Pero mis manos ya no pueden tocarla, mucho menos agarrarla. Mis manos, ensuciadas por el pecado, no tienen el privilegio de jugar una vez más con ella. Su perfección inmortal no debe ser manchada por la fugacidad de mi oscuro ser. La extraño, verdaderamente lo hago, pero me niego a correr el riesgo de arruinarla. La pequeña niña inocente que pasaba sus días a su lado desapareció, dando lugar a la mujer que se alza en la actualidad. Amargada, sin atisbo de imaginación, condenada a una vida poco placentera e impregnada por el petróleo que recubre su corazón. Una mujer indigna que con su perenne suciedad no debería perturbar la fragilidad de un cuerpo de porcelana.
Cuánto anhelo ser como ella, la figura de un ángel solitario que colma de felicidad a todo aquel que la ve. Cuánto desearía jamás haber vivido, haberme estancado en una inocente infancia que no hubiera destruido mi alma. Querría volver a ser merecedora de jugar con ella, pero no hay marcha atrás.
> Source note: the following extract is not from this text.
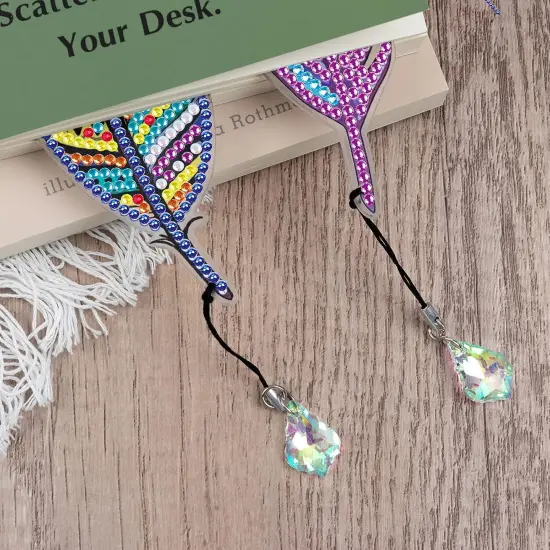 6 Pack Diamond Painting Bookmarks Kits for Read {3}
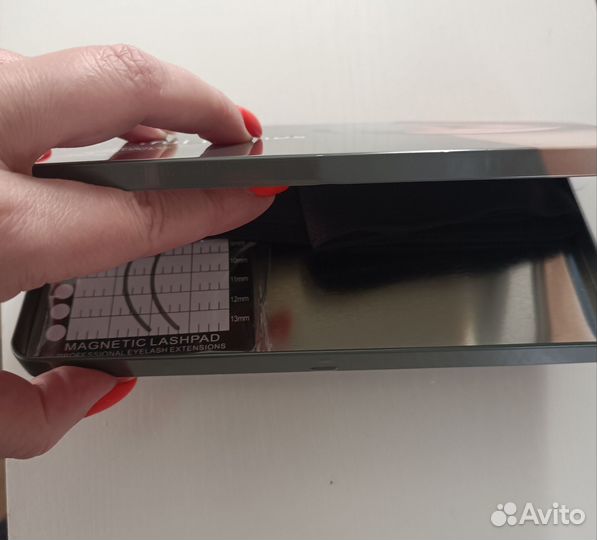 Для наращивания ресниц. Повязка + 4 палетки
No después de todo lo que he vivido, de todo lo que me hicieron y de todo lo que tuve que hacer en respuesta. No después de toda la sangre derramada, de todas las vidas arrebatadas con crueldad.
Con lágrimas traicioneras escapando, soplo sobre mis vacías manos, a la espera de que el viento se lleve su pecaminosa historia y el sol las bese una vez más en el jardín de mis sueños. No hay nada que hacer, suspiro mientras las froto, tratando de recuperar un calor inalcanzable. Miro una vez más hacia atrás. La muñeca no se ha movido, como es obvio, pero sé que en su compleja perfección trata de comprender mi sufrimiento. Susurro un “lo siento” y cierro la puerta por fuera.
La podredumbre de mi ser es ya imborrable, así que me limito a abandonar los sueños que una vez tuve, dando por concluida la última visita a este retazo de mi memoria.
Después de todo, jamás podré regresar a ser digna, a esa imperecedera muñeca que en su pureza me recuerda todo lo que no pude ser yo.
Más tarde, a medianoche, acurrucada en mi lecho soñaré con mis anhelos. En la neblina de Morfeo regresaré al ático, al instante en el que he sellado la puerta. Jamás sentiré mayor alivio que en el momento en el que la historia difiere de lo sucedido y la muñeca se materializa ante mis ojos, posada sobre mis brazos con amable expresión. Me mira, la miro y ambas sonreímos. Tal vez, si ella me considera digna, podré volver a ser la niña que una vez fui.
Mis deseos serán revelados y por segunda vez ese día lloraré. Y, aceptando la incongruencia, me aferraré tanto a mi desconsuelo como a mi esperanza y permitiré que la disonancia me embriague en su locura.